**What you will do**
In the entries below, copy only the lines from the one that contains "Embossed Ribbed Crystal" through the last line, exactly, and omit any pictures.

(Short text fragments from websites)
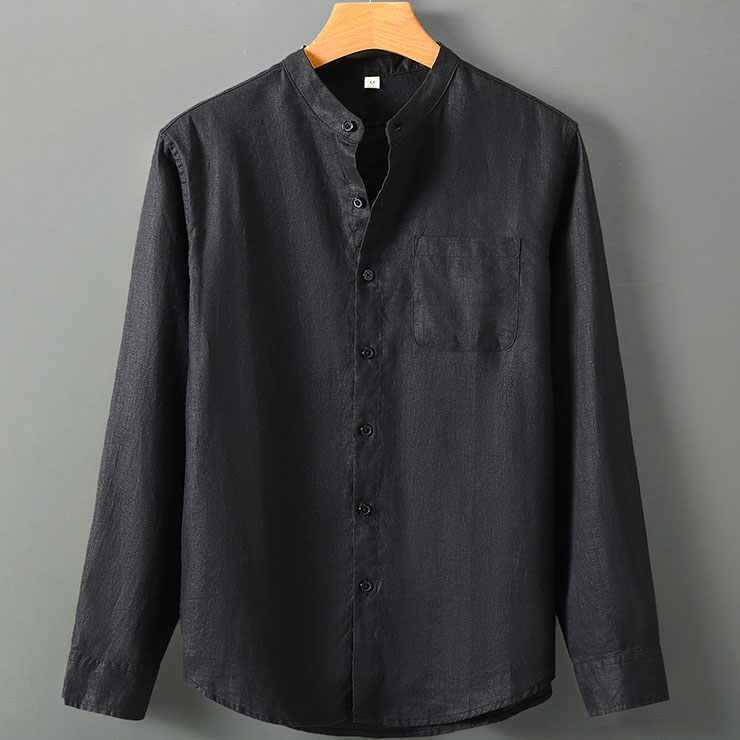 Men's 100 Linen Band Collar Long Sleeve Shirt with Pocket - Image 2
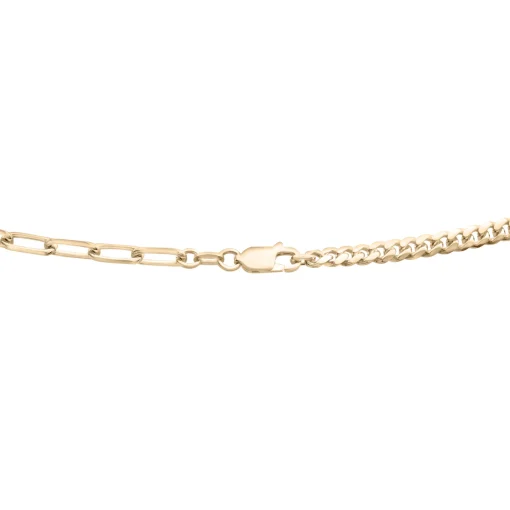 Curb And Paperclip Chain Necklace In Vermeil, 18"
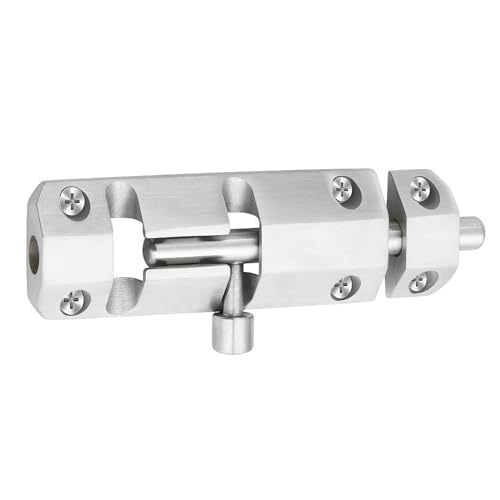 Alise 4 Inch Barrel Bolt Latch Slide Bolt Latch Lock,Brushed | SUS304 Stainless Steel Gate Latch Safety Door Lock for Interior Door Shed Barn Wooden Fence Chicken Dog Cage Window Garage - color: Brushed Nickel, size: 4 Inch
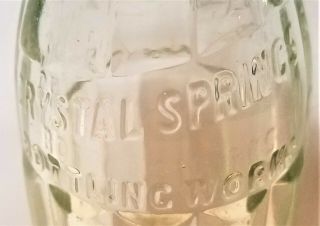 Embossed Ribbed Crystal Springs Bottling Co.  Sheboygan Wisconsin.  Clear 7oz / K4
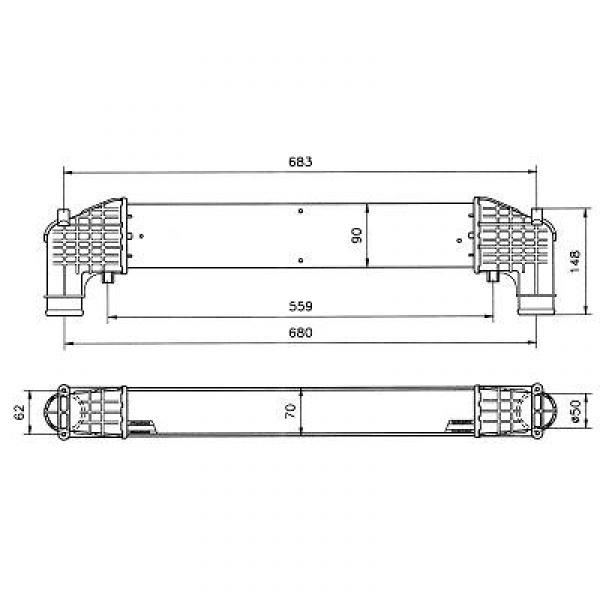 Intercooler SHARAN 95-00 500x67x85 ALHAMBRA/GALAXY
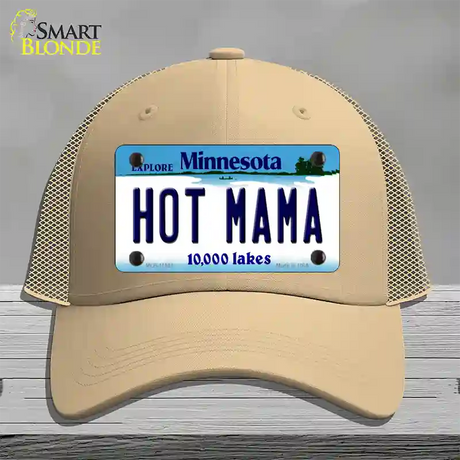 Hot Mama Minnesota State Novelty License Plate Hat Mesh / Khaki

**Exercise response**
 Embossed Ribbed Crystal Springs Bottling Co.  Sheboygan Wisconsin.  Clear 7oz / K4
 Intercooler SHARAN 95-00 500x67x85 ALHAMBRA/GALAXY
 Hot Mama Minnesota State Novelty License Plate Hat Mesh / Khaki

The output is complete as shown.